What is important to our discussion is that while the UPF can also be
implemented as a server-hosted microservice—just like any
software-based router—because we have access to a programmable
switching fabric, we can offload that function to the switches. This
is exactly what the
upf extension to
fabric.p4 shown in
Section 7.4 does.
But what is this extra functionality beyond forwarding IP packets? UPF performs three additional tasks. First, it encapsulates/decapsulates packets sent between to/from the base stations. These are GTP-over-UDP/IP encapsulated packets. Second, it queues packets according to the different QoS levels the operator wants to provide. Both of these tasks can be implemented in a straightforward way in P4 and the underlying programmable switches. The third task is to “hold” packets destined for a UE that has recently moved, so that no packets are dropped during the period of time the corresponding session state is in transition. This is not something that today’s P4 switches are able to support. So instead, the switch temporarily redirects those packets to a server for hold-and-replay, or alternatively, to a SmartNIC connected to those servers. MacDavid and colleagues describe the mechanism for doing this is more detail.
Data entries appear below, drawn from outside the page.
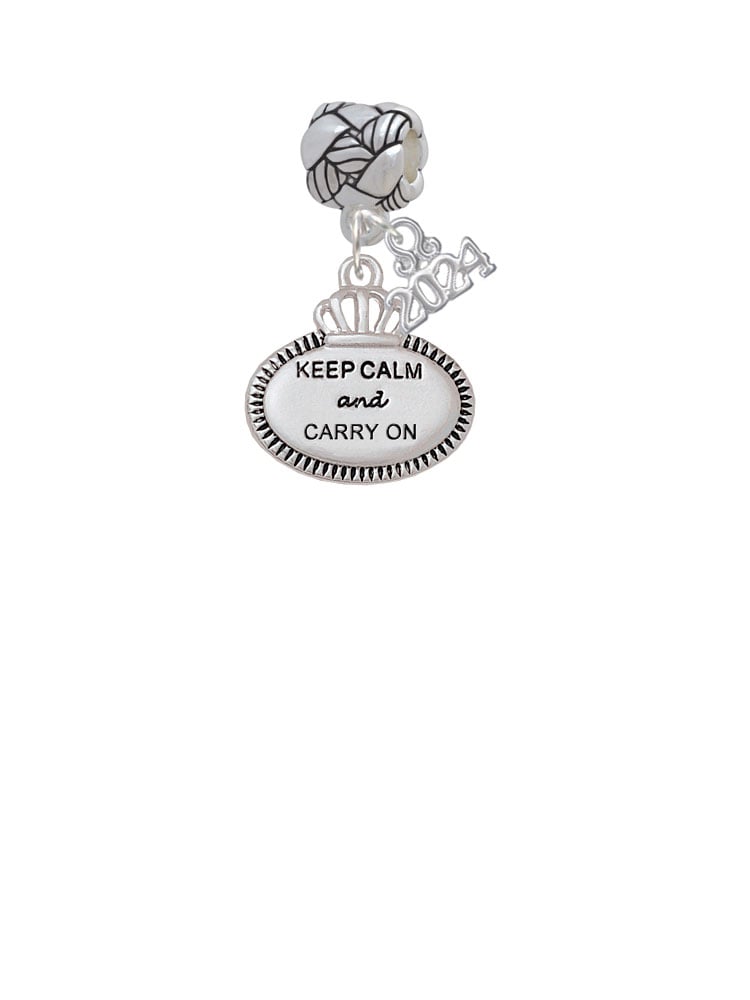 Delight Jewelry Silvertone Keep Calm Message Woven Rope Charm Bead Dangle with Year 2024 Image 2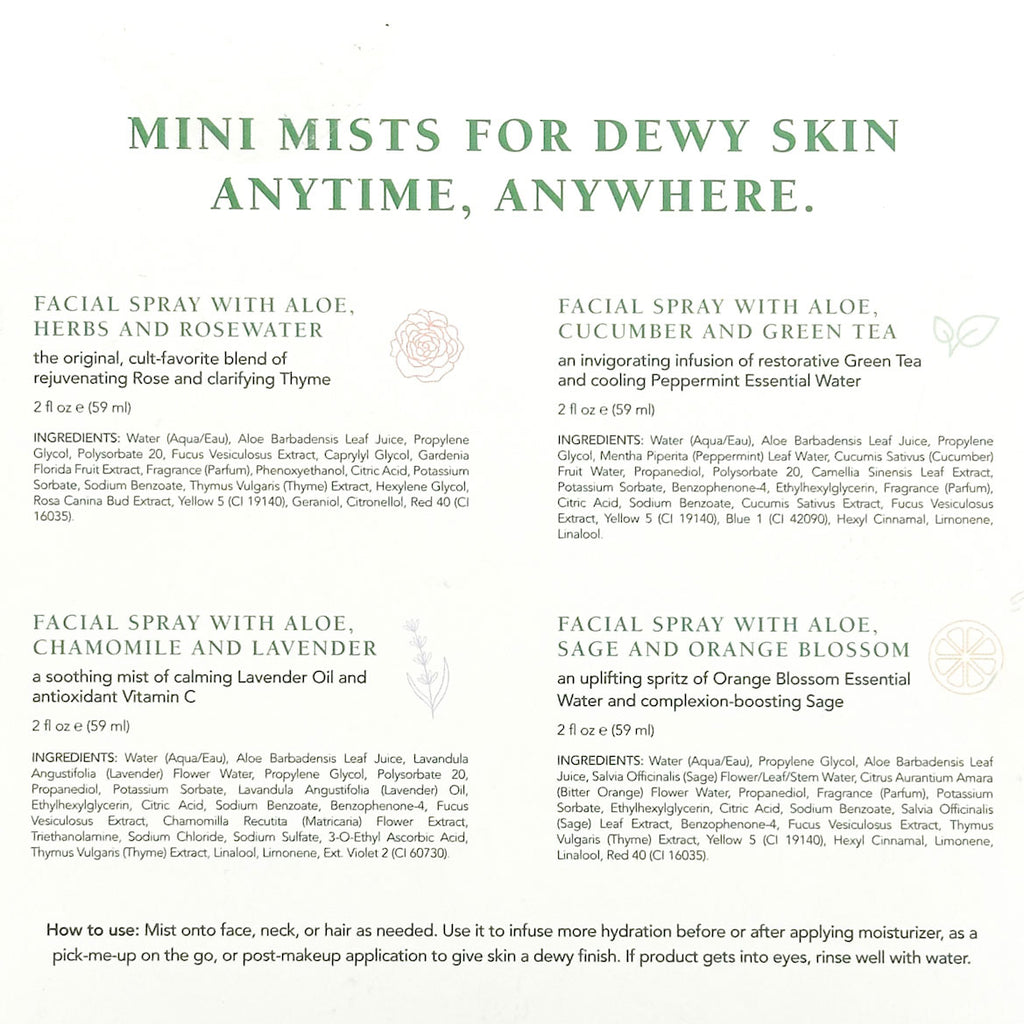 Product label for facial sprays with aloe, herbs, and various essential oils on a white background.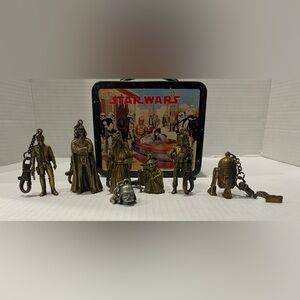 Star Wars lot of 8 mini lunch box w/ key chains vintage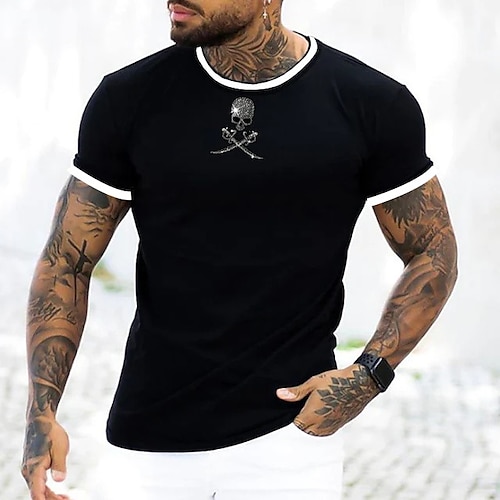 

Homens Camiseta Caveiras Estampas Abstratas Gola Redonda Ao ar livre Rua Manga Curta Imprimir Roupa Esportes Designer Casual Grande e Alto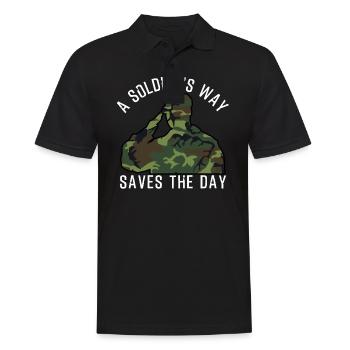 Soldat - Männer Poloshirt - Schwarz - Vorne - Kai (181cm)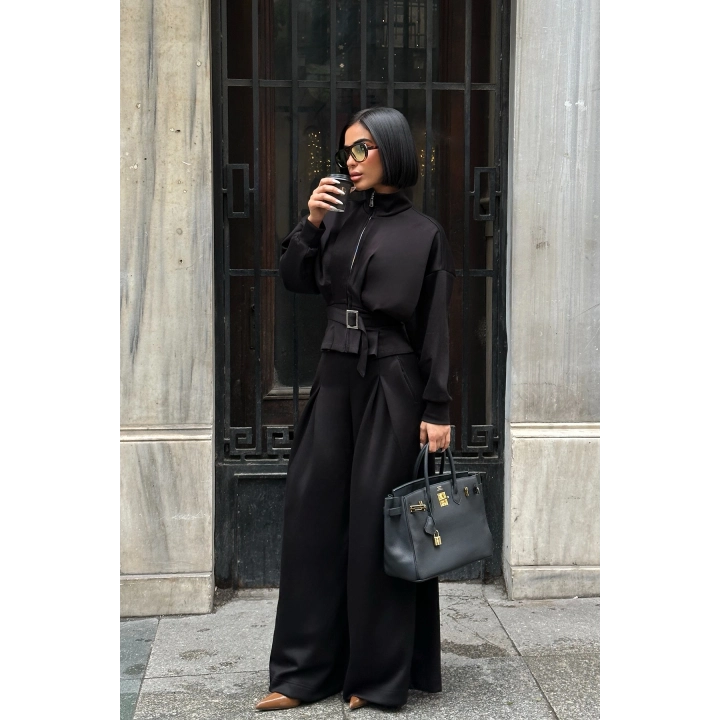 Kemer Detaylı Fermuarlı Premium Bol Paça Siyah Takım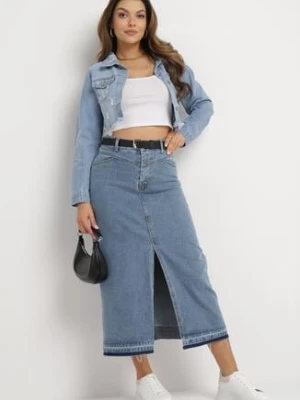 Niebieska Spódnica Jeansowa Midi z Paskiem z Imitacji Skóry Kiarmi elsa.m by may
R. MacDavid, et al. A P4-based 5G User Plane Function. ACM SOSR. September 2021.
The main takeaway from this discussion is that access networks and switching fabrics are complementary use cases for SDN that can work in tandem. The switching fabric not only interconnects servers that host access network control plane functionality (including the RIC and xApps), but the fabric also runs some data plane functionality on behalf of the access networks. When you combine all these use cases, the end result is an access-edge cloud: a modest-sized cluster built from commodity servers and switches, deployed in enterprises and other edge sites, and able to host both access network workloads and edge service workloads. Aether is an open source example of such an edge cloud, combining SD-Fabric, SD-RAN, and SD-Core in a self-contained package that can be deployed in enterprises and managed as a cloud service.
Aether: 5G-Connected Edge. Open Networking Foundation. 2021.